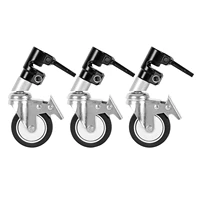 3pcs photo studio swivel casters wheels with 25mm diameter mounting holes for video photography c stand tripod rubber wheels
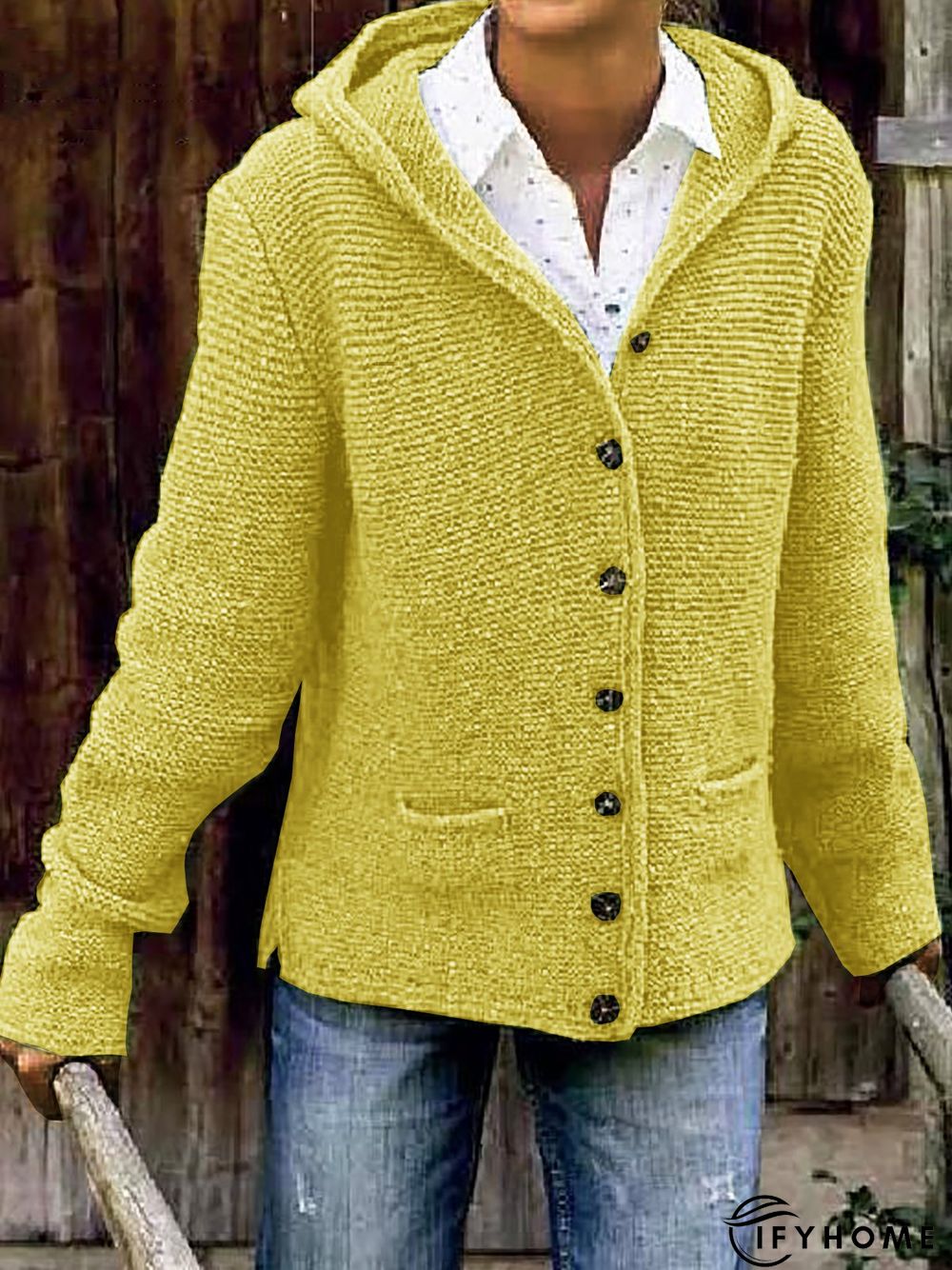 Women Coats Hooded Long Sleeve Knitted Cardigan Sweater coat | IFYHOME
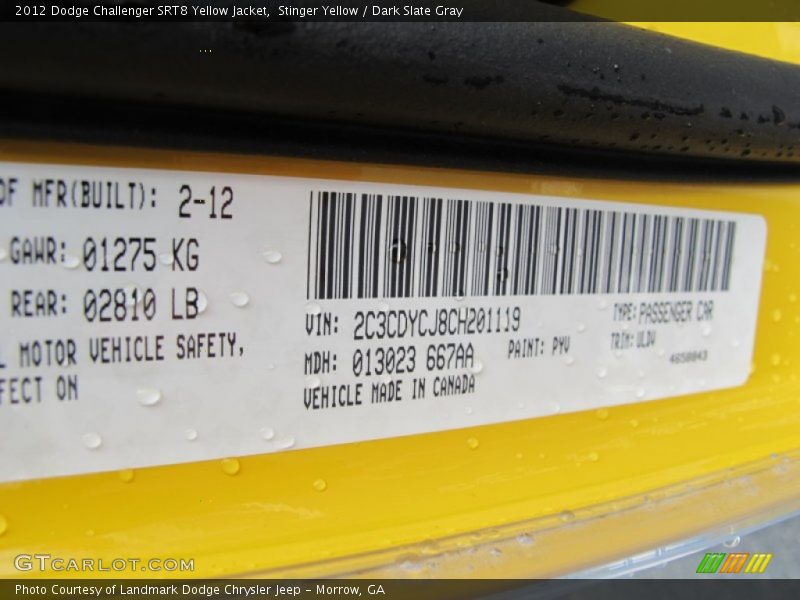 2012 Challenger SRT8 Yellow Jacket Stinger Yellow Color Code PYV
※
:: Exercise details ::
Everything in the data above should be set down again exactly, except the pictures.

:: Task response ::
 3pcs photo studio swivel casters wheels with 25mm diameter mounting holes for video photography c stand tripod rubber wheels
 Women Coats Hooded Long Sleeve Knitted Cardigan Sweater coat | IFYHOME
 2012 Challenger SRT8 Yellow Jacket Stinger Yellow Color Code PYV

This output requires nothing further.